On Jan 5, 2010, at 10:33 AM, Quanah Gibson-Mount wrote:

--On Tuesday, December 22, 2009 7:40 PM -0800 Howard Chu <hyc@symas.com>
wrote:

With 2.4.21 out, and hopefully stable enough to promote to the next
Stable release, it's time to feature-freeze 2.4 and prepare for the 2.5
branch. As I already announced to the OpenLDAP-Committers, we're also
planning to switch from CVS to GIT in mid-January. Commits for 2.5 will
begin after we've settled into GIT.

Yeah!  One question from the RE side, is how to best handle 2.4 fixes
with HEAD getting further & further apart.

At Zimbra, what we do is integrate from HEAD -> branch while
development/features are in parallel.  Once the branch is feature
frozen, the integration is from branch -> HEAD.

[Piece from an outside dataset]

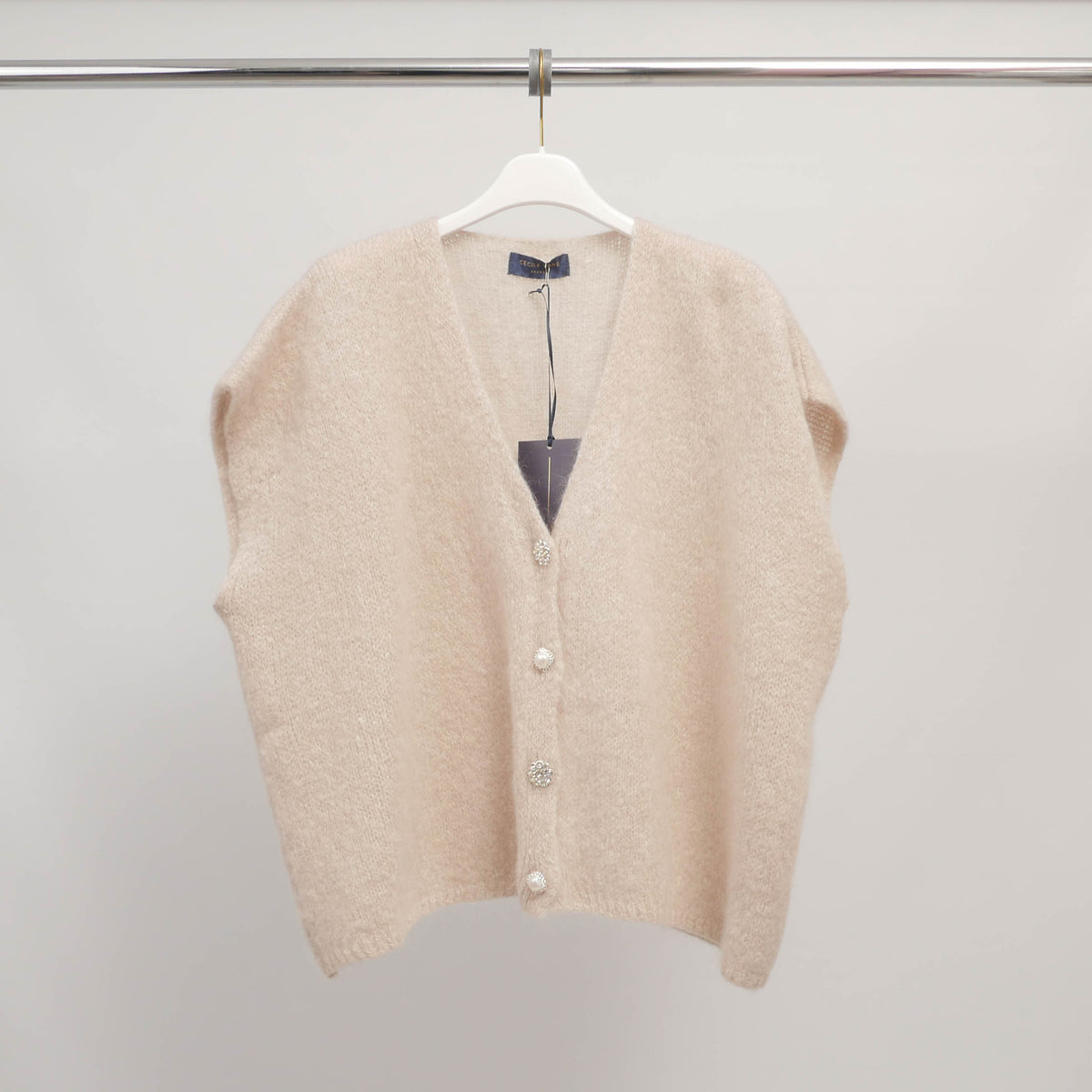 Sleeveless fluffy knit vest with jeweled buttons   mcl24002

This implies that only features suitable for the branch can be committed
because you would never commit to a branch code that was not intended to
be released there.  This approach also tends to lead to regressions.

No. The integration process from HEAD -> branch is manual. Thus commits for any feature can go to HEAD, but only those features going into the branch get migrated over. Once the branch is frozen for features, then fixes go from branch -> HEAD.

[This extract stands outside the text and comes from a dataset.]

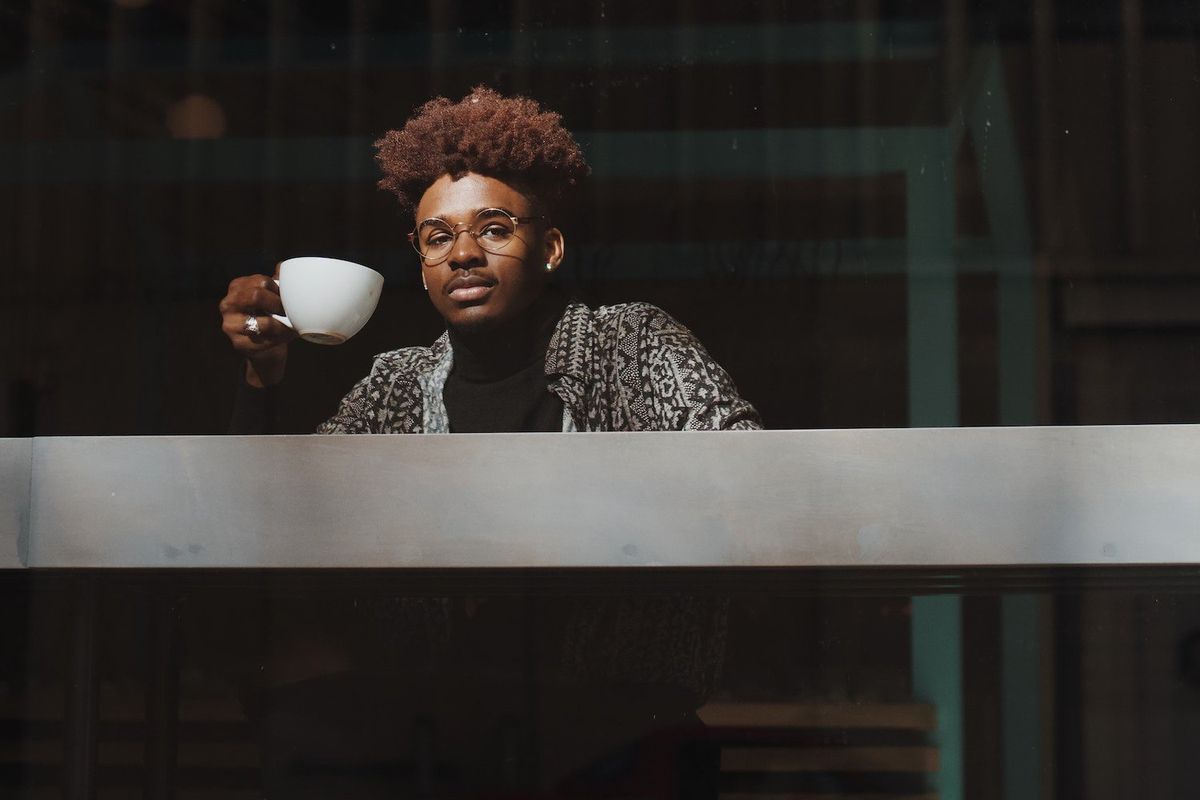 A Black man holds a mug and looks out the window.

Our current practices allow developers to generally move forward without
regard to what's happening on release branches.

Same here. Except that we sometimes have 3 branches of work occurring (HEAD, most current release, release - 1) due to support reasons.

One other thing Zimbra does is create specific branches for every
release. In equivalence for OpenLDAP, that'd be a 2.4 branch plus a
branch cloned off of it for every release (like 2.4.20 branch, etc).

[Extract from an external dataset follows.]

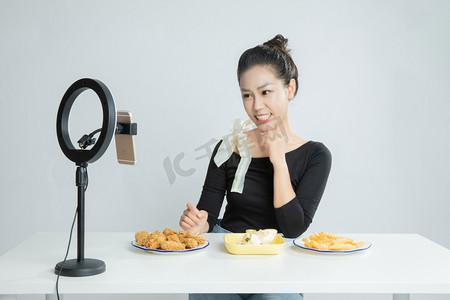 吃货节摄影照片_直播镜头前手拿美食微笑的主播平拍摄影图配图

Why?  You only need a branch if you're going to do releases off of it.

Because we have customers to support, which sometimes requires hot fixes to an old release (sometimes several releases back) where we integrate a single fix to that release branch, rebuild the binaries, and give it to them. As I noted, this type of stuff is likely very overkill for the project.

We only make the release branch when we're at "code freeze" for a given
release.  This allows developers to continue to make changes to the
trunk of that branch without affecting the upcoming release.

We simply allow developers to continue work on HEAD while releases are
being prepared.  There's little need to freeze trunk.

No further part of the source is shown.